As you can see, I fail to verify that the CE given in the paper are indeed CE for the given game of chicken. Moreover, I can find new CE not mentioned, such as $(x_A, x_B, x_C, x_D) = (0,\frac{1}{10},\frac{9}{10},0)$. This last distribution also satisfies the constraints. I'm not sure if this is indeed a CE or not, since the authors do not explicitly state that the given CE are the only CE of the game.
Obviously I'm missing something. I must've misinterpreted the constraints, but I cannot see how.

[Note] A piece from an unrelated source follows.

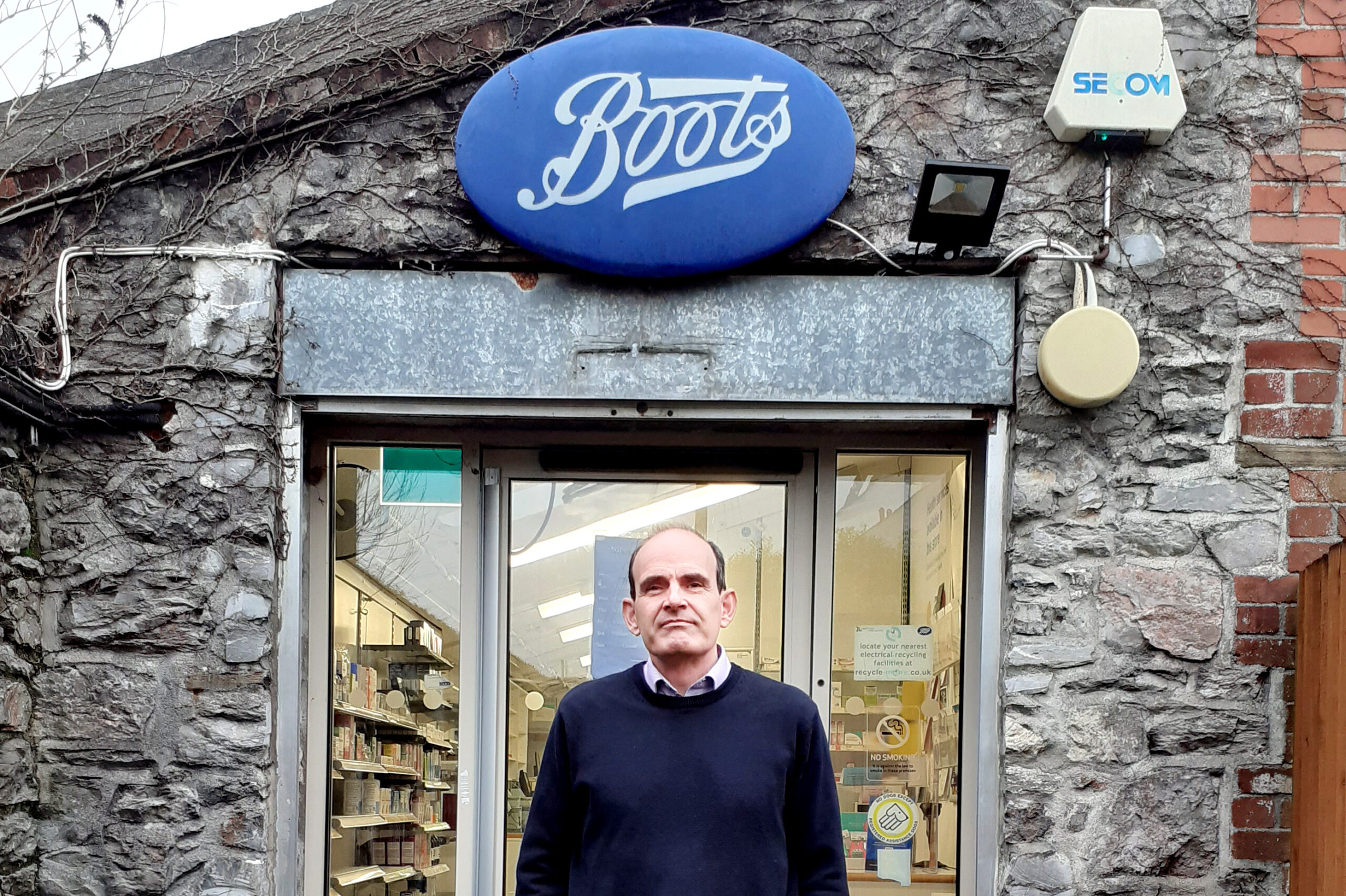 Photo of Andrew Potter in front of a Boots pharmacy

I use your notation and the notation from the paper you cited. Let's write the constraints for Player I (rows): \begin{align}\left(u^1(A)-u^1(C)\right)\cdot x_A+\left(u^1(B)-u^1(D)\right)\cdot x_B\ge 0 \\ \left(u^1(C)-u^1(A)\right)\cdot x_C+\left(u^1(D)-u^1(B)\right)\cdot x_D\ge 0\end{align}
The first corresponds to the recommendation for Player I (rows) to play "stop" and the second to play "go". Substituting his payoffs we obtain
$$\begin{align}-x_A+ x_B\ge 0 \implies x_B\ge x_A\\ x_C-x_D\ge 0 \implies x_C\ge x_D\end{align} \tag{*}$$
Similarly for Player II (columns) the constraints are \begin{align}\left(u^2(A)-u^2(B)\right)\cdot x_A+\left(u^2(C)-u^2(D)\right)\cdot x_C\ge 0 \\ \left(u^2(B)-u^2(A)\right)\cdot x_B+\left(u^2(D)-u^2(C)\right)\cdot x_D\ge 0\end{align}
The first corresponds to the recommendation for Player II (columns) to play "stop" and the second to play "go". Substituting his payoffs we obtain
$$\begin{align}-x_A+ x_C\ge 0 \implies x_C\ge x_A\\ x_B-x_D\ge 0 \implies x_B\ge x_D\end{align} \tag{**}$$ Bringing $(*)$ and $(**)$ together and taking into account that $x_i$ should be a probability distribution we obtain the set of constraints that a correlated has to satisfy: \begin{align}x_C &\ge x_A\\x_B&\ge x_D\\x_B&\ge x_A\\x_C&\ge x_D\\x_A+x_B+x_C+x_D&=1\\x_A,x_B,x_C,x_D&\ge0\end{align}
Now, it is straightforward to verify that all the given distributions are correlated equilibria. Moreover any convex combination of Nash equilibria (or correlated equilibria) is again a correlated equilibria, so the set of correlated equilibria is a convex set. Hence, it is not uncommon that there infinitely many correlated equilibria, as is the case in the game that you are studying. So, no, these (that the authors suggest) are not all equilibria, and yes the one you found is also one. There are many more as well.